The Database interface is simply the composition of KeyValueStore and AncientStore. This design means you can pass a KeyValueReader when you only need read access, or a full Database when you need everything. LevelDB and Pebble both implement KeyValueStore, and the ancient freezer implements AncientStore.

Tip: The memorydb package provides a full in-memory implementation of KeyValueStore — invaluable for testing. When Node runs with no data directory, it automatically uses memorydb, enabling fully ephemeral nodes for development.

The Merkle Patricia Trie Implementation

The trie.Trie struct implements Ethereum's Modified Merkle Patricia Trie — the authenticated data structure that makes state roots possible:

type Trie struct {
    root  node
    owner common.Hash
    committed   bool
    unhashed    int
    uncommitted int
    reader      *Reader
}

The trie uses four node types internally: fullNode (branch nodes with 16 children + value), shortNode (extension/leaf nodes with a key fragment), hashNode (a reference to a node stored in the database), and valueNode (raw leaf data). Operations on the trie — Get, Update, Delete — work by traversing this node tree, with hashNode references resolved lazily from the database.

Ethereum maintains two kinds of tries: the account trie (mapping addresses to account data) and storage tries (one per contract, mapping storage slots to values). The StateDB coordinates both: each stateObject holds a reference to its contract's storage trie.

flowchart TD
    STATE_ROOT["State Root Hash"] --> ACCOUNT_TRIE["Account Trie"]
    ACCOUNT_TRIE --> ACCT_A["Account A<br/>nonce, balance,<br/>storageRoot, codeHash"]
    ACCOUNT_TRIE --> ACCT_B["Account B<br/>nonce, balance,<br/>storageRoot, codeHash"]
    ACCT_A --> STORAGE_A["Storage Trie A<br/>slot → value"]
    ACCT_B --> STORAGE_B["Storage Trie B<br/>slot → value"]

When StateDB.Commit() is called at the end of block processing, all modified state objects flush their changes to their respective tries, the tries compute new root hashes, and the resulting trie nodes are collected into a node set for the TrieDB to persist.

Hash-Based vs. Path-Based Trie Storage

The triedb.Database wraps a backend interface that abstracts over two fundamentally different storage strategies:

type Database struct {
    disk      ethdb.Database
    config    *Config
    preimages *preimageStore
    backend   backend
}

The backend interface requires NodeReader, StateReader, Size, Commit, and Close. The two implementations are:

Hash-based scheme (hashdb): Trie nodes are keyed by their hash. Simple and battle-tested, but pruning is expensive — you need reference counting to know when a node is no longer reachable, and garbage collection requires traversing the entire state.

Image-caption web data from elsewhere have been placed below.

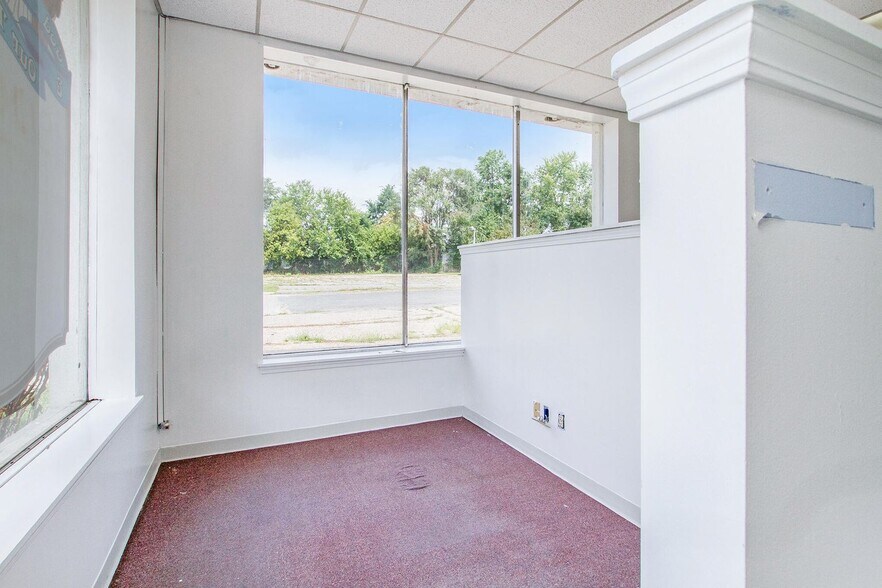 More Photos Of 600 N Clark St, Albion Auto Dealership For Sale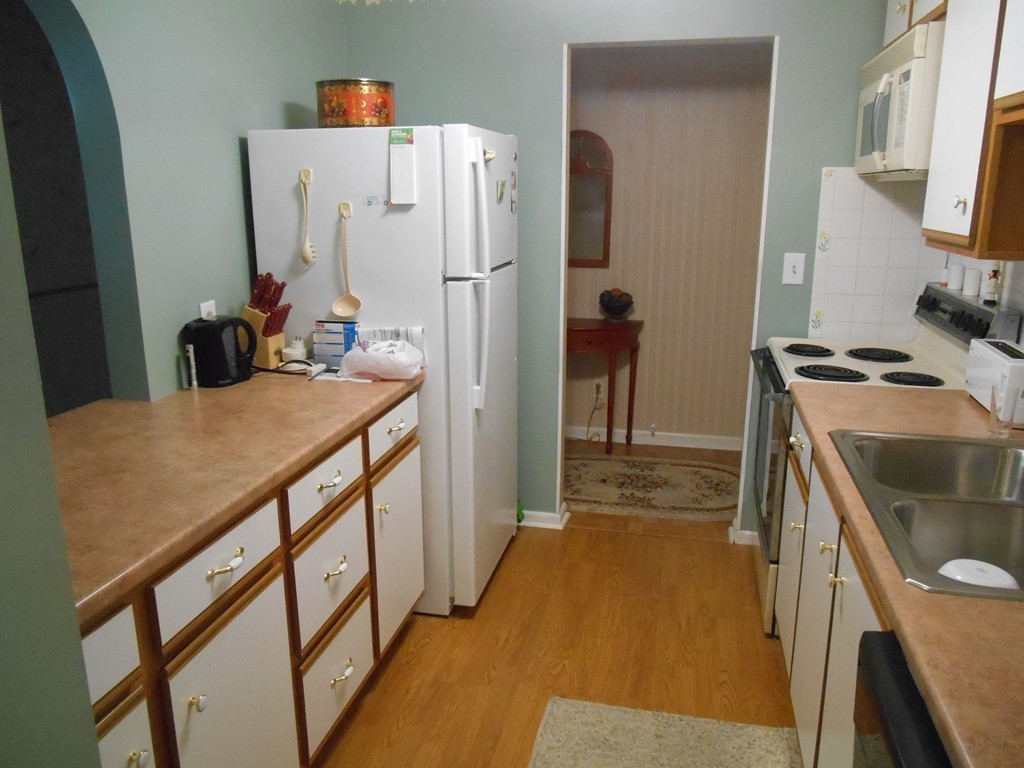 324 Russell Road, Unit 202 Westfield, MA 01085 - Photo 4 of 17 Gallery Image 4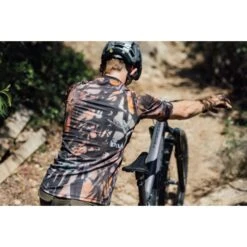 Northwave BOMB FLOWER MAGLIA MANICHE CORTE - Arancione 11 Northwave BOMB FLOWER MAGLIA MANICHE CORTE - Arancione -Northwave Negozi bomb flower maglia maniche corte 3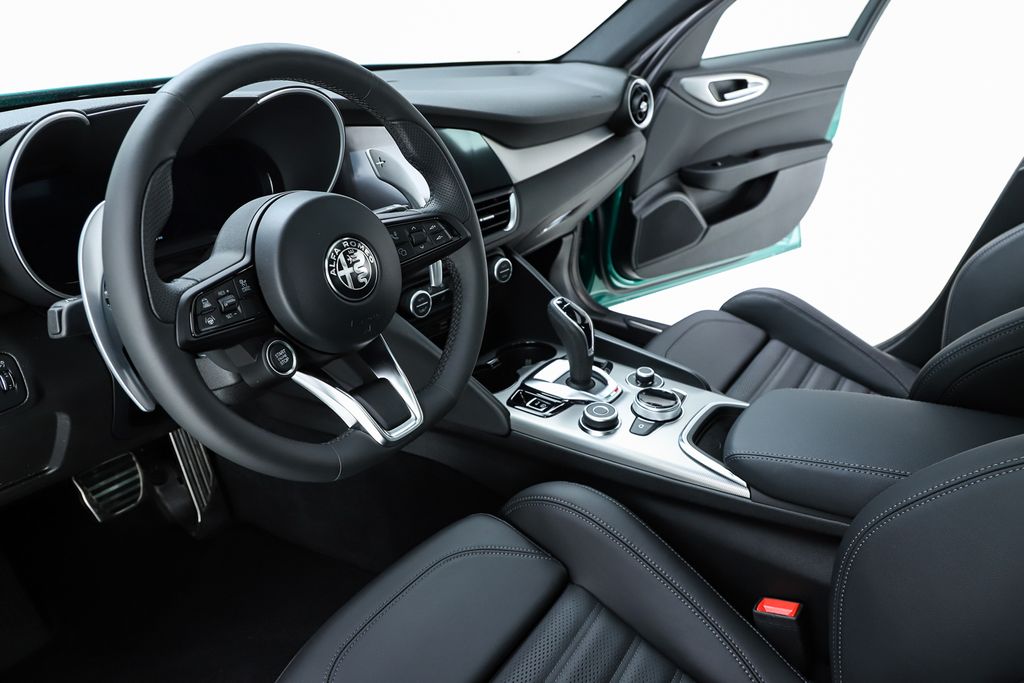 2026 Alfa Romeo Giulia Base - Photo 20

Path-based scheme (pathdb): Trie nodes are keyed by their path in the trie. This enables efficient state history — you can keep diffs between versions and prune old states by simply deleting layers. This scheme also makes state healing during snap sync more efficient.

flowchart LR
    subgraph "Hash-Based (hashdb)"
        direction TB
        H1["Node hash → node data"]
        H2["Reference counting for GC"]
        H3["Full state required for pruning"]
    end
    subgraph "Path-Based (pathdb)"
        direction TB
        P1["Trie path → node data"]
        P2["Layered diffs (disk + memory)"]
        P3["Efficient pruning by layer removal"]
    end

The selection happens in NewDatabase():

if config.PathDB != nil {
    db.backend = pathdb.New(diskdb, config.PathDB, config.IsVerkle)
} else {
    db.backend = hashdb.New(diskdb, config.HashDB)
}

The path-based scheme is the newer design, introduced to solve the growing cost of state pruning as Ethereum's state size increases. It stores state history as a stack of diff layers on top of a flattened disk layer, enabling both efficient lookups and bounded historical state access.

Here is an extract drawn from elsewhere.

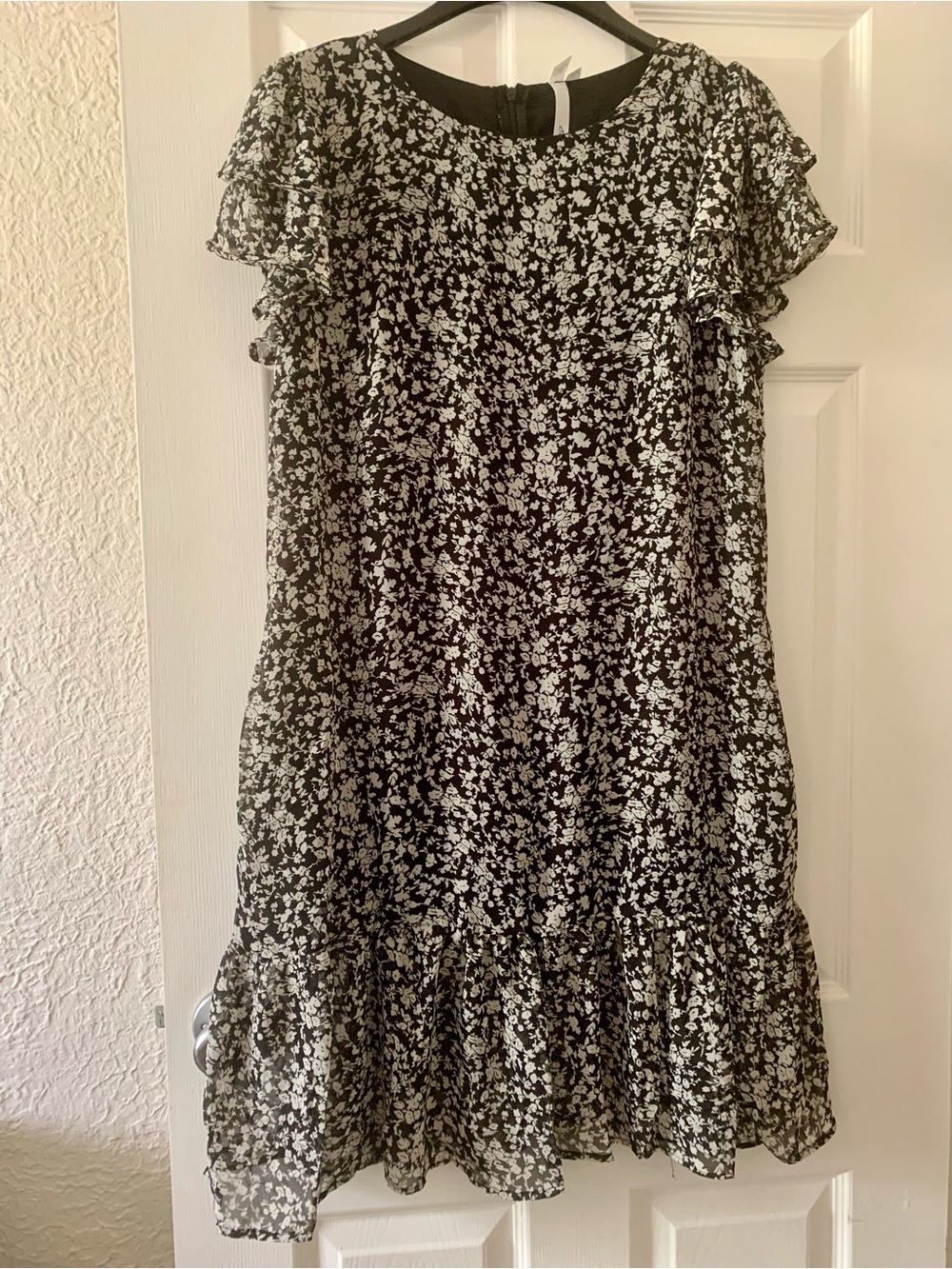 NY Collection Black and White Floral Ruffle Midi Dress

The Config struct makes the choice explicit:

type Config struct {
    Preimages bool
    IsVerkle  bool
    HashDB    *hashdb.Config
    PathDB    *pathdb.Config
}

Setting HashDB activates hash-based storage; setting PathDB activates path-based. Setting both is a fatal error.

State Snapshots and the Ancient Freezer

Beyond the trie itself, Geth maintains two additional storage mechanisms that dramatically improve performance.

State snapshots are a flat key-value layer that maps account addresses and storage slots directly to their values, bypassing the trie entirely for read operations. When you call eth_getBalance, the snapshot layer can answer in O(1) instead of traversing the trie. Snapshots are built incrementally as blocks are processed and are stored alongside the trie data in the key-value database.

The ancient freezer handles historical data differently. As blocks age beyond a configurable threshold, their headers, bodies, receipts, and hashes are moved from the key-value store into append-only flat files. This is critical because:

  1. Historical data is append-only — it never changes once finalized
  2. Flat files are more space-efficient than key-value stores for sequential data
  3. The key-value store stays smaller, improving performance for active state
flowchart TD
    subgraph "Active Data (LevelDB/Pebble)"
        RECENT["Recent blocks<br/>State trie nodes<br/>Transaction indices<br/>Snapshots"]
    end
    subgraph "Ancient Data (Freezer)"
        OLD_H["headers.0000"]
        OLD_B["bodies.0000"]
        OLD_R["receipts.0000"]
        OLD_HA["hashes.0000"]
    end
    subgraph "rawdb — Key Encoding Bridge"
        RAW["Prefixed key encoding<br/>Type-safe read/write<br/>Schema versioning"]
    end
    RECENT <--> RAW
    OLD_H <--> RAW
    OLD_B <--> RAW
    OLD_R <--> RAW

The core/rawdb/ package serves as the key-encoding bridge between higher-level code and the raw database. It defines key prefixes, provides type-safe accessor functions (e.g., ReadBody, WriteReceipts), and manages schema versioning. This layer ensures that the rest of the codebase never constructs database keys manually — all key layout knowledge is centralized in rawdb.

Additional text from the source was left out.